THE PROBLEM: Although the listing below holds pictures, reproduce only its lines from the one containing "Nhẫn kim cương K10WG 0.04CT" through the last, exactly and without them.

RECORDS FOR PROCESSING:
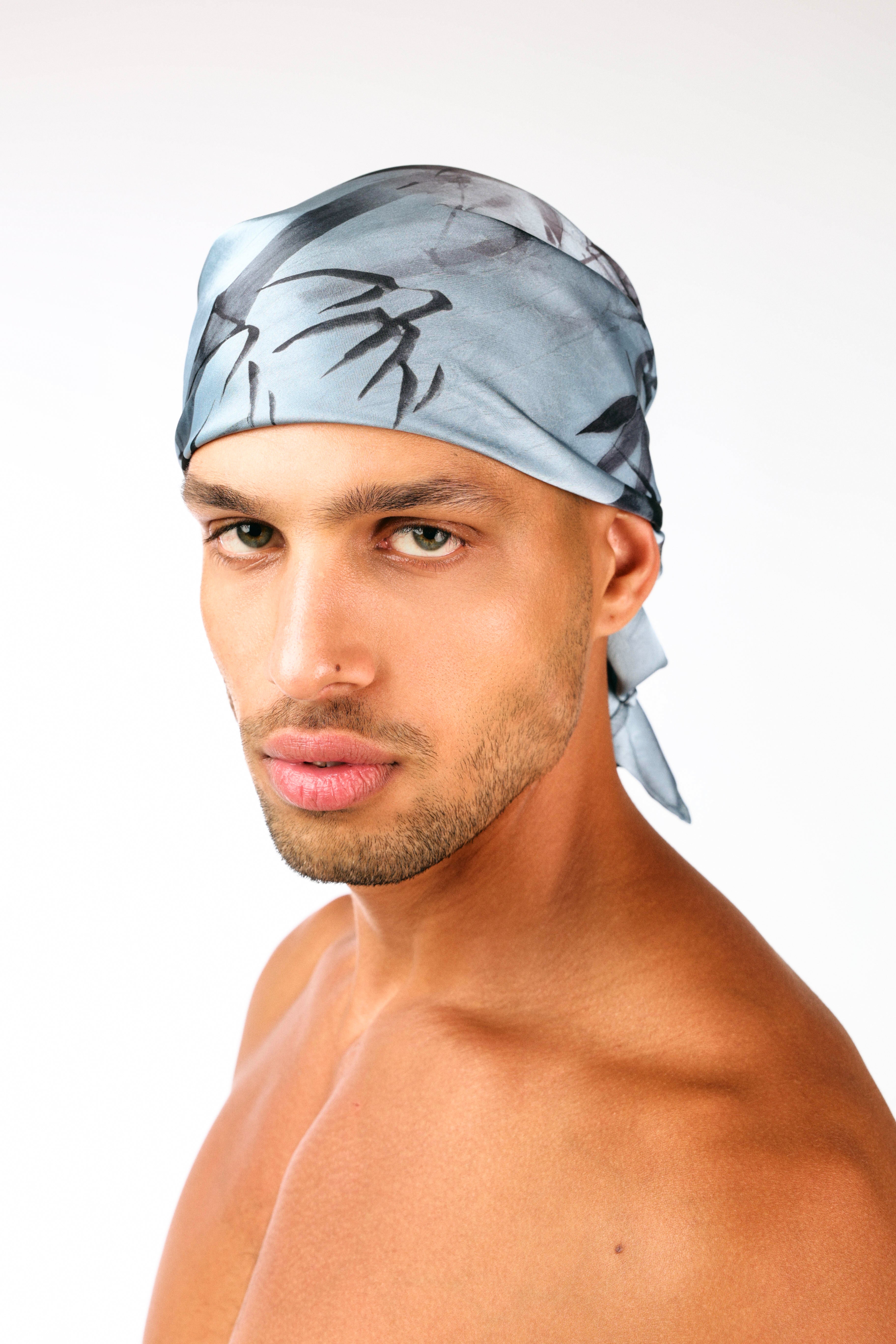 Royal blue Headscarf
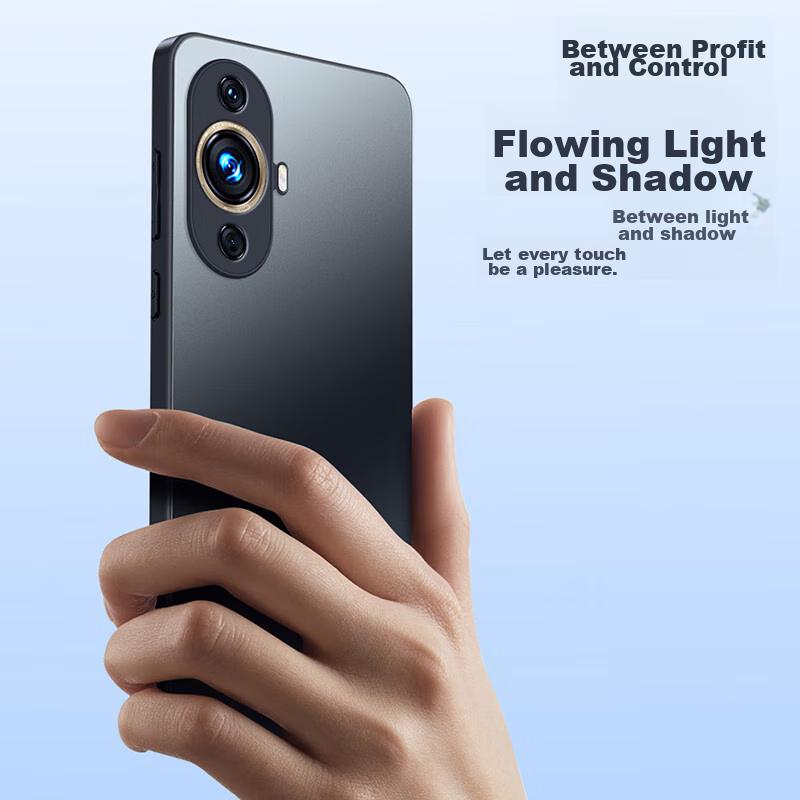 Case for Huawei Nova 11 And Nova 12 Active Edition, Full Protection Ultra-Thin Luxury Silicone Shockproof Simple Design, Graphite Black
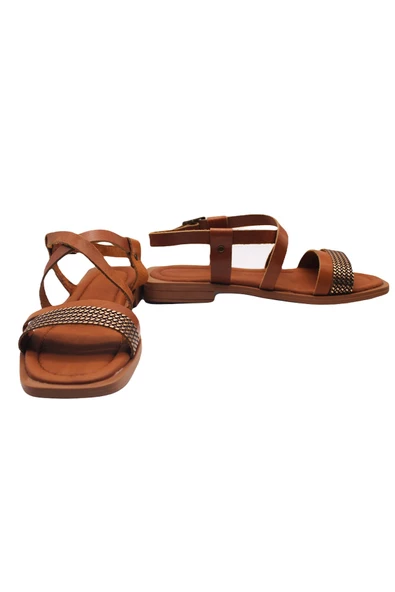 Trendella Antik Deri Sandalet - 9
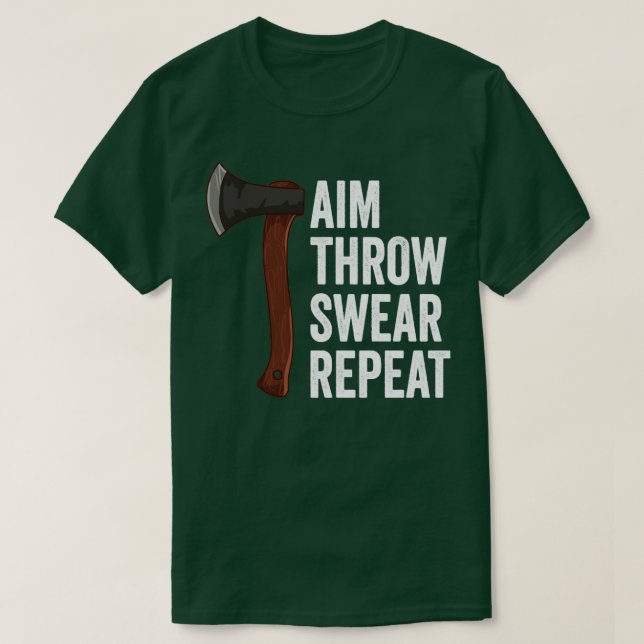 Camiseta Aim Jogar Suor Repetir Ax Jogando Lumberjack (Frente do Design)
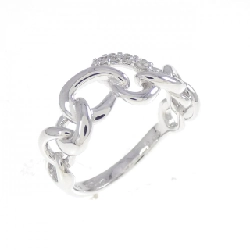 Nhẫn kim cương K10WG 0.04CT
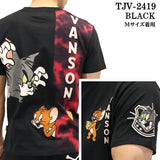 VANSON×TOM&JERRY バンソン トム＆ジェリー 天竺 半袖Tシャツ tjv-2419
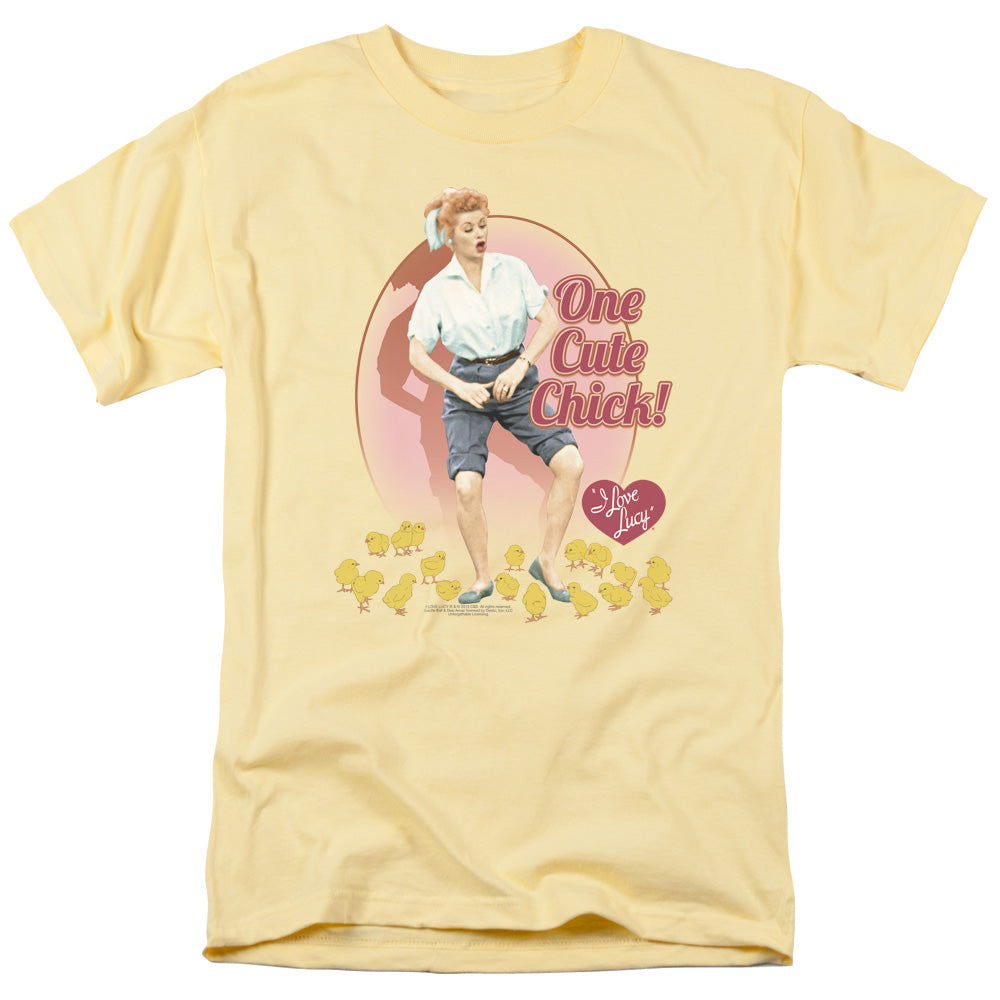 I Love Lucy - Cute Chick - Short Sleeve Adult 18/1 - Banana T-shirt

ANSWER TO THIS EXERCISE:
 Nhẫn kim cương K10WG 0.04CT
 VANSON×TOM&JERRY バンソン トム＆ジェリー 天竺 半袖Tシャツ tjv-2419
 I Love Lucy - Cute Chick - Short Sleeve Adult 18/1 - Banana T-shirt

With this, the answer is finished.